While if you interact with a cloud object store, 50 milliseconds is not even a pessimistic estimate for how long something takes to retrieve one piece of data. And in a lot of these cloud optimized designs like PMTiles or COG, you might need to make
multiple round trips to object store just to get one tile. So that's reading the header and then reading the actual tile data, or even reading multiple headers. So you're looking at easily 100 or more milliseconds to return things. So that's an order of magnitude difference from if you just run an EC2 instance and
you are just serving back a response within a couple of milliseconds. So finally, cloud optimized is definitely not the easiest way to do things either. The easiest, as many projects encounter, is just to outsource this problem.

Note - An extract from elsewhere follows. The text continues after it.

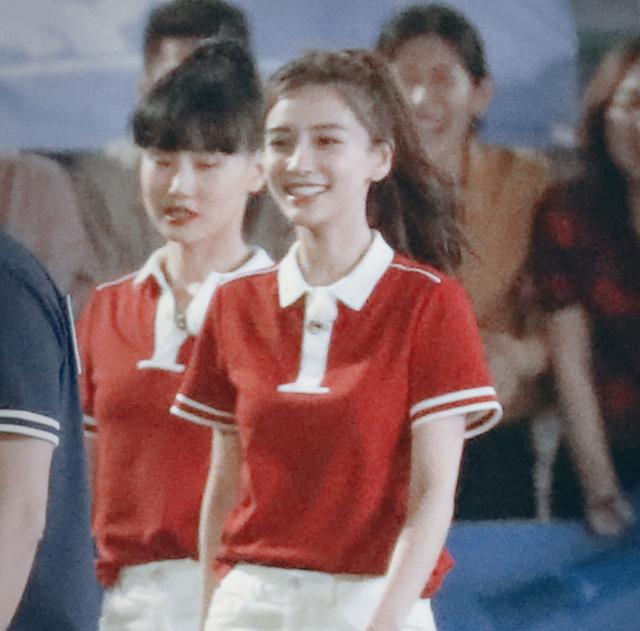 baby穿紧身裤不搭高跟鞋，见她生图下的全身照，真实身材一望而知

To buy a SaaS from a vendor, there is no setup. You simply maybe get an API key and you upload your data to an external service and then they handle all that for you and you just pay them a very predictable cost. Maybe they have some sort of tiered usage or metered usage.
You pay for what you use. And in a lot of cases, it's even better because that data will be globally distributed. So you might be reading from a COG or PMTiles in a bucket, but the vendor will also integrate with something like Amazon CloudFront. So your globally distributed users are able to access that data with very low latency.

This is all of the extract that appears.